Salvo los movimientos armados, la izquierda del siglo XX no recurrió a las capuchas para ocultarse, antes bien éste fue un uso de los grupos de choque —del Estado, los caciques y la derecha radical— para amedrentar y desarticular a los movimientos sociales y a sus expresiones políticas. Es claro que el vaciamiento de la democracia representativa, el desprestigio de la política partidaria, la manera cada vez más agresiva en que el capitalismo invade el espacio social y la violencia descontrolada y extendida en todos los ámbitos han propiciado que el embozamiento se naturalice como instrumento legítimo de la acción colectiva. Tampoco cabe duda de la eficacia probada de la táctica del black bloc con la que se articula, su capacidad identitaria y el atractivo entre los jóvenes. El problema reside en las pérdidas que para la izquierda representa esta vuelta al anonimato.

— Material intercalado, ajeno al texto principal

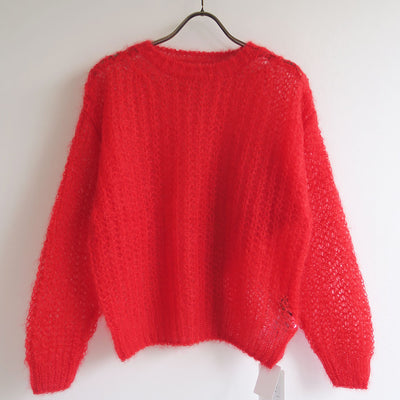 【BATONER/バトナー】<br>FLUFFY MOHAIR BOAT NECK <br>BN-25FL-027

Hemos insistido en el asunto de la responsabilidad, esto es, la convicción de la izquierda de que sus objetivos son moral y políticamente correctos, que sus métodos se corresponden con ellos y que expresan el interés mayoritario de la sociedad. Hacerse públicamente cargo de esto ratifica dichas certezas. Sumado a ello, la izquierda históricamente ha aspirado a la inclusión (de las clases, el género, las minorías, las nacionalidades) y esto implica, entre otras muchas cosas, salir de la política del gueto y las prácticas sectarias, de la exclusión que supone la máscara que separa claramente a quienes están dentro y fuera del grupo, a los que poseen los códigos de acceso de los que carecen de ellos. El anonimato traba además el diálogo, pues el interlocutor no es alguien identificable a quien se le pueda filiar con una condición, actividad o status, por tanto, se ignora su carácter y representatividad —aunque pretenda hablar a nombre del común—, lo que no corresponde a un ejercicio democrático genuino en el que cada quien interviene a título de algo, desde una posición reconocible, con el aval de los demás y gozando de una respetabilidad suficiente que permite confiar en él. Asimismo, el anonimato abre un flanco a la impunidad en la medida en que nadie se responsabiliza de los posibles daños de la acción colectiva o de la afectación de terceros. Por último, el anonimato posibilita que cualquier grupo actúe por cuenta propia, pero lo haga a título colectivo, o la intromisión de núcleos externos que obedezcan a agendas distintas e incluso contrarias a las del movimiento. Conquista irrenunciable de la izquierda fue salir de la clandestinidad y ocupar el espacio público, obtener mediante la lucha derechos sociales e individuales, hacer política de manera abierta e intentar ganar a los más para su tentativa de resolver la cuestión social y conseguir la emancipación humana. Lograrlo requiere de inicio y por principio abandonar las sombras y quitarse las capuchas.